Google URL Index Hits 1 Trillion 249
mytrip points out news that Google's index of unique URLs has reached a milestone: one trillion. Google's blog provides some more information, noting,
"The first Google index in 1998 already had 26 million pages, and by 2000 the Google index reached the one billion mark. Over the last eight years, we've seen a lot of big numbers about how much content is really out there. To keep up with this volume of information, our systems have come a long way since the first set of web data Google processed to answer queries. Back then, we did everything in batches: one workstation could compute the PageRank graph on 26 million pages in a couple of hours, and that set of pages would be used as Google's index for a fixed period of time. Today, Google downloads the web continuously, collecting updated page information and re-processing the entire web-link graph several times per day."
Re:Amazing (Score:5, Informative)
I couldn't agree more.
Many of the clients I support are constantly asking me "Is there a program that does this? or Can you find me a program to do this" etc etc.
I used to be able to just use google to help me get started but these days the top level searches are all those bloody link farms peddling "free" software, even when typing in the word review you come up with link farms that offer no reviews.
Comment removed (Score:5, Informative)
Re:Amazing (Score:5, Informative)
Many of the clients I support are constantly asking me "Is there a program that does this? or Can you find me a program to do this" etc etc.
I used to be able to just use google to help me get started but these days the top level searches are all those bloody link farms peddling "free" software
Have you tried SourceForge [sourceforge.net]? That's what it's there for, you know.
Re:How long till.. (Score:5, Informative)
... and cut out Experts-Exchange.com from your search results since their pages don't actually return the information you think they do.
Perhaps you should try scrolling to the bottom of the page... :)
Re:How long till.. (Score:5, Informative)
It took me a while to realize it, but if you scroll clear to the bottom of an expert exchange post, you'll find the comments unhidden and relevant.
Re:How long till.. (Score:5, Informative)
...and cut out Experts-Exchange.com from your search results since their pages don't actually return the information you think they do.
If you block cookies from experts-exchange.com you can actually see the answers on any e-e page - after you visit the first time, it normally sets a cookie to not show results next visit, which is how they get Google to index their pages anyway. With cookies from them blocked, you can then see the answers - you just have to scroll 7/8s of the way down the page past all the fake "Please sign up to see this result" boxes. :)

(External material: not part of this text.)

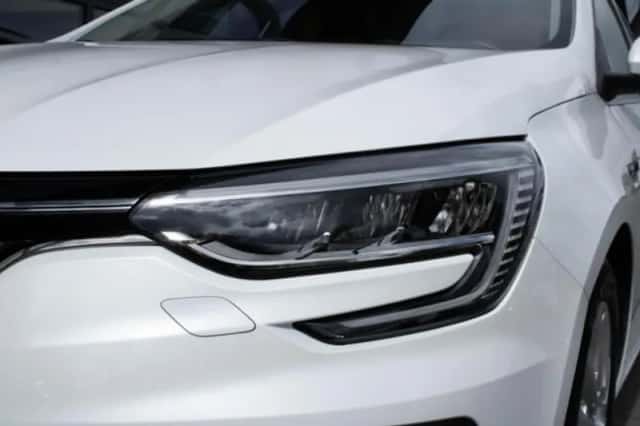 Renault Mégane (2022) thumbnail 6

(First AC post in years... tee hee.
Re:Try "Live" search (Score:0, Informative)
The first result for 'getfirefox' is http://www.getfirefox.net/ [getfirefox.net] which seems to be correct to me.
The first result for 'Linux' is http://www.linux.org/ [linux.org] not some Microsoft website.
The first result for 'Open Office' is http://www.openoffice.org/ [openoffice.org] and not some Microsoft website.
You lie?
Re:Some numbers (Score:3, Informative)
You mean Googlewhacking [wikipedia.org], except not nearly as hard?
Re:How long till.. (Score:4, Informative)
Actually, If you go to the cached version of those pages, you can see all the answers. You can also just use the Googlebot's user agent via the User Agent Switcher [mozilla.org].
Re:No concern for the foreign readers? (Score:3, Informative)
No one in the UK uses the long scale system really. For example, traditional UK billions are _never_ used in governmental budgets, and no one points out that the "American" billion is being used. A billion is just 1E9 here, like just about everywhere else.
I guess some older people may be confused (what's new ;)), but I'll wager a large proportion of the younger UK population don't even know what a traditional English billion is. I'm 30, and I've never used 1E12 as a billion, or even been taught it could be.
Dynamic pages pollute count (Score:5, Informative)
Google tries to detect a dynamic page by looking for ampersands and equal signs, as well as looking at the content of the page, it is really quite easy to fool.
e.g.: http://somesite.com/itemlist.php?listmode=1&category=beds&orderby=7 [somesite.com]
when 'rewritten' shows up as
http://somesite.com/items/1/beds/7.html
So 1 billion web pages could be, and I know a few thousand pages like this, just a few hundred thousand dynamic pages. Not that the pages don't have relevant information, some of the stuff can be redundant though. For instance, when the spider crawls across "Records per page = 10" > "Records per page = 20" > "Records per page = 30" etc.. or when lazy programmers don't use cookies and databases to store information but try and concatenate the URL with the user's selections. Thank god for that GET limit [boutell.com]. People need to use POST!
If someone knows how to stop this message board from creating links out of false URLs please, let me know.